Output only the lines below from the one containing "Chevrolet Next Spark LT Plus 2017 — фото 24" to the one containing "billede af boligen", exactly as written, both ends kept.

Information provided -
[Start of Attachment]
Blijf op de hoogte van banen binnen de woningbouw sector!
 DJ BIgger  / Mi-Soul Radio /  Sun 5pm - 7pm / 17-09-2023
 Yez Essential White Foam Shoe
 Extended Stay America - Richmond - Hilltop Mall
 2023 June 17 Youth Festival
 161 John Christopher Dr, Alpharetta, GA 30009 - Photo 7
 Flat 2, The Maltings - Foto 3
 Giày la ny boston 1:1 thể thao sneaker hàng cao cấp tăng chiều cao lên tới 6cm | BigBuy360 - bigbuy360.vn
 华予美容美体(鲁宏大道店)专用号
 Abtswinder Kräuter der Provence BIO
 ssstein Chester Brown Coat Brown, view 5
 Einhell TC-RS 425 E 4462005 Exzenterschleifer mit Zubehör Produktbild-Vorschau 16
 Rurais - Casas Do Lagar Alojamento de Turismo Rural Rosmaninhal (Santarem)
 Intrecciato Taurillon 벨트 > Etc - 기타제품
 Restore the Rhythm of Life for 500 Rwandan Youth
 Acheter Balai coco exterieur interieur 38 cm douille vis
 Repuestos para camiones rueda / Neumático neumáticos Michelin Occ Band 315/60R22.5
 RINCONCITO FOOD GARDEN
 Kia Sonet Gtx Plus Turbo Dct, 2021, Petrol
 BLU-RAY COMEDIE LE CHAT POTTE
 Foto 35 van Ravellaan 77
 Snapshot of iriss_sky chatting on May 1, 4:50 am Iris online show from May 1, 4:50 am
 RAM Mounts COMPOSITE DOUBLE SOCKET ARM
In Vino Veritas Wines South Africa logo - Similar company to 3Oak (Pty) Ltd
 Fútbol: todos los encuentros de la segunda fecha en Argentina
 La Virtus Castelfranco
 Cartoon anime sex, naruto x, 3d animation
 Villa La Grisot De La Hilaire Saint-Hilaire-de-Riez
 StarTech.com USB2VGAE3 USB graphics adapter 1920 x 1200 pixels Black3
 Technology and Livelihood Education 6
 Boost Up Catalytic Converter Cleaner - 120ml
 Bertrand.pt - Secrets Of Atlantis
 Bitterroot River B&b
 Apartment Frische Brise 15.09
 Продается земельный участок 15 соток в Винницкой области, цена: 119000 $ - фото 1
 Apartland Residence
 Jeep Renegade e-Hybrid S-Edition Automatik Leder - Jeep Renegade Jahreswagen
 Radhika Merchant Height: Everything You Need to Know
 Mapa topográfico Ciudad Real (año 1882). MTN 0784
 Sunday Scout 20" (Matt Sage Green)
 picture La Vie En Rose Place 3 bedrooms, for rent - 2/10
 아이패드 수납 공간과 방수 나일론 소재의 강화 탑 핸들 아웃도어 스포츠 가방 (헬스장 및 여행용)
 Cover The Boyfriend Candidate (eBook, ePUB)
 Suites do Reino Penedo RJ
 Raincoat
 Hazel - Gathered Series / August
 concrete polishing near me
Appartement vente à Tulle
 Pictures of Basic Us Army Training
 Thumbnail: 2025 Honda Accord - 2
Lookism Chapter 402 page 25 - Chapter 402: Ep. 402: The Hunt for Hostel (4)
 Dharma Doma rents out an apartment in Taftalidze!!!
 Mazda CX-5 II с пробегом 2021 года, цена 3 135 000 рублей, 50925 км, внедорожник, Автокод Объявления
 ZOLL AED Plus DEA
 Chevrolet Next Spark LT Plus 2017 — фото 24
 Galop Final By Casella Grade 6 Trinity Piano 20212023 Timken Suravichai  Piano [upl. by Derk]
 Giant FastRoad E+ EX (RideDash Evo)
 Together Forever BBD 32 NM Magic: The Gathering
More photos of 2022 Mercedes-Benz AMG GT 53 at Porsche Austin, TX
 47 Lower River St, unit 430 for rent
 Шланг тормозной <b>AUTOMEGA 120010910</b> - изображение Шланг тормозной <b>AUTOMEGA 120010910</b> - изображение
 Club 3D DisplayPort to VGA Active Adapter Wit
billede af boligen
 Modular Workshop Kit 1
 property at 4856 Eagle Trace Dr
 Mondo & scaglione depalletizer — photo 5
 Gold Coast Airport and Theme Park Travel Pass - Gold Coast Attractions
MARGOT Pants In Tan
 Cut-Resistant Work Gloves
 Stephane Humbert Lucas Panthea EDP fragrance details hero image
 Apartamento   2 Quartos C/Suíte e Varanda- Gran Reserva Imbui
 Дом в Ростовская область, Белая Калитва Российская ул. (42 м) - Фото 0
[End of Attachment]
Written response -
 Chevrolet Next Spark LT Plus 2017 — фото 24
 Galop Final By Casella Grade 6 Trinity Piano 20212023 Timken Suravichai  Piano [upl. by Derk]
 Giant FastRoad E+ EX (RideDash Evo)
 Together Forever BBD 32 NM Magic: The Gathering
More photos of 2022 Mercedes-Benz AMG GT 53 at Porsche Austin, TX
 47 Lower River St, unit 430 for rent
 Шланг тормозной <b>AUTOMEGA 120010910</b> - изображение Шланг тормозной <b>AUTOMEGA 120010910</b> - изображение
 Club 3D DisplayPort to VGA Active Adapter Wit
billede af boligen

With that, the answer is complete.